My question is in two parts:
1) Is there anything we can do to improve indexing performance with the current version of the Fisheye?
2) Are there any plans to fix this serious performance defect?
you're right, it is how FishEye handles SVN repositories. It's because everything in SVN is a convention. FishEye was designed to know about all paths in the repository. Files
/branches/branch1/file.txt are 2 completely different files from SVN point of view. It's a matter of a concept defining that those 2 are connected. And in order to know about all files changed in a revision FishEye uses summarize command.
We have open FR request to improve that handling. You can track it https://jira.atlassian.com/browse/FE-3949.

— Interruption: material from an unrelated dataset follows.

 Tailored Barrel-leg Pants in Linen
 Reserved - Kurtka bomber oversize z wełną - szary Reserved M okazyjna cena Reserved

In general good definition of a SVN symbolic rules helps in a indexing performance, however, it won't prevent FishEye from calling
svn diff --summarize
Thanks for your quick response.
I'm aware that branching and tagging is handled by convention. However, it's a convention which is very commonly followed and it's one that Fisheye already understands and relies on. The SVN symbolic rules are just a means of describing that convention for a repository. I certainly have no expectation that Fisheye will efficiently handle a repository which doesn't respect those conventions or where the symbolic rules are not setup correctly, but I do expect it to efficiently handle repositories where the conventions are respected.
Fundamentally all the scanner needs to do is recognize that a revision which only consists of a copy from a directory identified as trunk, branch or tag by the SVN symbolic rules to another directory similarly identified by the symbolic rules then it is a branch or tag creation and should therefore be treated differently. This information is easily and cheaply obtained from the output of svn log -v - I've done it many times myself in various scripts I use to analyze our repository. There is certainly no need to use svn diff --summarize to get that information.
For these branching revisions I see no reason why Fisheye should need to reindex all the content on the branch since no new content has been created. I do understand that considerable metadata updating may be required but that would hopefully be much cheaper than reindexing the entirety of a branch.
I've added comments to FE260 and FE3949.